Mataram (ANTARA) - Penyidik Satuan Reserse Kriminal Kepolisian Resor Kota Mataram, Nusa Tenggara Barat, melimpahkan berkas perkara pungutan liar sewa kios di Pasar Ampenan yang terungkap dalam operasi tangkap tangan pada 7 Oktober 2022 kepada jaksa.

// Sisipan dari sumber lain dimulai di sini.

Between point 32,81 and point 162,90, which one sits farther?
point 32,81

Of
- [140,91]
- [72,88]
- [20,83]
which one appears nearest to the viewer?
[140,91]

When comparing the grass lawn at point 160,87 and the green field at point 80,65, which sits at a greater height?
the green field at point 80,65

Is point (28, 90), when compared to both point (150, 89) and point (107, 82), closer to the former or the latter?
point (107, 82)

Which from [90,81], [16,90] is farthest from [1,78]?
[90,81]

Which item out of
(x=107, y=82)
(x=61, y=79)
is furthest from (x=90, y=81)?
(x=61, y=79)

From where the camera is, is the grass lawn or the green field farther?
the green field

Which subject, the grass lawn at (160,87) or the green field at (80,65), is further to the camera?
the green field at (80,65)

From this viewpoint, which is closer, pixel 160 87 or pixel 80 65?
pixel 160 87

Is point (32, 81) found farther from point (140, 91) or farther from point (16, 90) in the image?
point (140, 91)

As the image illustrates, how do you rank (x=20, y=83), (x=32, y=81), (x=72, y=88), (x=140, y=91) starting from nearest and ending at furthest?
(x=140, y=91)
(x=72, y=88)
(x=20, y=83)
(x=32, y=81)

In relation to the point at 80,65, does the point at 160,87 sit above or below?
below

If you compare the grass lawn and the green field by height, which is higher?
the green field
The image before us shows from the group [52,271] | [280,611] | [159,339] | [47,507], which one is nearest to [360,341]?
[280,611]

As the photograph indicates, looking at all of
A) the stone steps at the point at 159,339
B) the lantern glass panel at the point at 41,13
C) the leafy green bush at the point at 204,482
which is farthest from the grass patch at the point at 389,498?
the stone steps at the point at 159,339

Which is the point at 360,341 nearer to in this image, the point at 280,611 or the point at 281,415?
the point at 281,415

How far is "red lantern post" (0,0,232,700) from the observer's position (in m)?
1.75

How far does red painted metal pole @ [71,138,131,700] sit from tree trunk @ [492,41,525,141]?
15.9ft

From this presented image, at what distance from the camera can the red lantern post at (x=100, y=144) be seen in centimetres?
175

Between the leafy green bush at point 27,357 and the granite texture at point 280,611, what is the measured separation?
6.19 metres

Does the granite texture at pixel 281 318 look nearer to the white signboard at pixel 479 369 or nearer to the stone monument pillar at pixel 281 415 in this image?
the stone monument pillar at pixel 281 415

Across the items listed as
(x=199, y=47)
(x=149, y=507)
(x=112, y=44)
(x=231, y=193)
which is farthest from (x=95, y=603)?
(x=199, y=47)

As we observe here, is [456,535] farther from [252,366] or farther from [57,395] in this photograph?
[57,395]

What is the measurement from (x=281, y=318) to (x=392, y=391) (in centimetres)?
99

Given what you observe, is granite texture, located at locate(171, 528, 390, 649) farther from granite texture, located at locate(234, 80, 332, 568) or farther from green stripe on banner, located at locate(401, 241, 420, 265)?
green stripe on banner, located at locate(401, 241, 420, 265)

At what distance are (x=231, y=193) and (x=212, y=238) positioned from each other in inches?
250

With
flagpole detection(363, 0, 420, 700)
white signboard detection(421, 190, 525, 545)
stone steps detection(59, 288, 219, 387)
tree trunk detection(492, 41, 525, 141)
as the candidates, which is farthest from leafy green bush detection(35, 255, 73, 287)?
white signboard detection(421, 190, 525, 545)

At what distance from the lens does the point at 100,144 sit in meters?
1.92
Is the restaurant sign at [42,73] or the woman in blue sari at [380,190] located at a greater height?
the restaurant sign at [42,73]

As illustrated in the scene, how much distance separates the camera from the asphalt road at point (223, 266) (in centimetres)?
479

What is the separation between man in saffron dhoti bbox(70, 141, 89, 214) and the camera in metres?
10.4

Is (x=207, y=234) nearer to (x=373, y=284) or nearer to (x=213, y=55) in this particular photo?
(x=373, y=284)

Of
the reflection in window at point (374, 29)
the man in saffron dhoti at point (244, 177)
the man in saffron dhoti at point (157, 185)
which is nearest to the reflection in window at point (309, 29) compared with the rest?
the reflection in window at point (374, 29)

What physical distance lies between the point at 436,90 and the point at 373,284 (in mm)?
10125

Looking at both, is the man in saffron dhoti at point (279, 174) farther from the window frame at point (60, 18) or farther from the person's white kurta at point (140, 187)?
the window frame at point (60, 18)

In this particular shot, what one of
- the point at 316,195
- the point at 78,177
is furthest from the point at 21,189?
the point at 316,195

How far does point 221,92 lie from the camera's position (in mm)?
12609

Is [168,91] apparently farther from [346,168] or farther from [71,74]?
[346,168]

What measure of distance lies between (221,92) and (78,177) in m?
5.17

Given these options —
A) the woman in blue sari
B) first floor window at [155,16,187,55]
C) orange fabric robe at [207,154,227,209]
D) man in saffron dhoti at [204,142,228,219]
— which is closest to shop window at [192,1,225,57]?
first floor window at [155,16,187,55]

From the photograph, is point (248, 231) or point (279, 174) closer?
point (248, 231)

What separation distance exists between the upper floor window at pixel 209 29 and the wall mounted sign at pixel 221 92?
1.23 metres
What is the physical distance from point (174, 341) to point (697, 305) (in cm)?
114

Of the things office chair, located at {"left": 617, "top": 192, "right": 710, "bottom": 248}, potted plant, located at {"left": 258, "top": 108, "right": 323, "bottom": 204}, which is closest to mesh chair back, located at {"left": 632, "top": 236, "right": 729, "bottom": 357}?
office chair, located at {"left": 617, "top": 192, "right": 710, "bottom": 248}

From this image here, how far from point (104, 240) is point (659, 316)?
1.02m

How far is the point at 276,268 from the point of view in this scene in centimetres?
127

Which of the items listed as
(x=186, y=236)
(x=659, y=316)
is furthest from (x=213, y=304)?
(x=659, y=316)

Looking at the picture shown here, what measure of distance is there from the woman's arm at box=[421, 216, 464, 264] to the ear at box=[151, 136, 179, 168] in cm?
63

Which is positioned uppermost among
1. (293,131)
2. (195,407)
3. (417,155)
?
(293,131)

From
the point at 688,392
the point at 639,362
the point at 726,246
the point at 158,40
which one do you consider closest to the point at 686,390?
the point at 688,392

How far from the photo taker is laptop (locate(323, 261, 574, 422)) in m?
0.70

Kepala Satreskrim Polresta Mataram Komisaris Polisi Kadek Adi Budi Astawa di Mataram, Jumat, mengatakan penyidik melimpahkan berkas perkara ke jaksa untuk tersangka AK, Kepala Unit Pelaksana Teknis Dinas (UPTD) Pasar Cakranegara dan Sandubaya Dinas Perdagangan Kota Mataram.

"Jadi, pelimpahan berkas milik AK ini untuk tahap penelitian jaksa. Kalau dinyatakan lengkap, kami akan lanjutkan ke pelimpahan tersangka dan barang bukti," kata Kadek Adi.

Dalam pelimpahan berkas milik tersangka AK, penyidik telah merampungkan materi berdasarkan hasil pemeriksaan saksi maupun alat bukti hasil OTT berupa uang tunai Rp45 juta dan nota pembayaran atau kuitansi penyerahan uang dari dua penyewa kios pasar.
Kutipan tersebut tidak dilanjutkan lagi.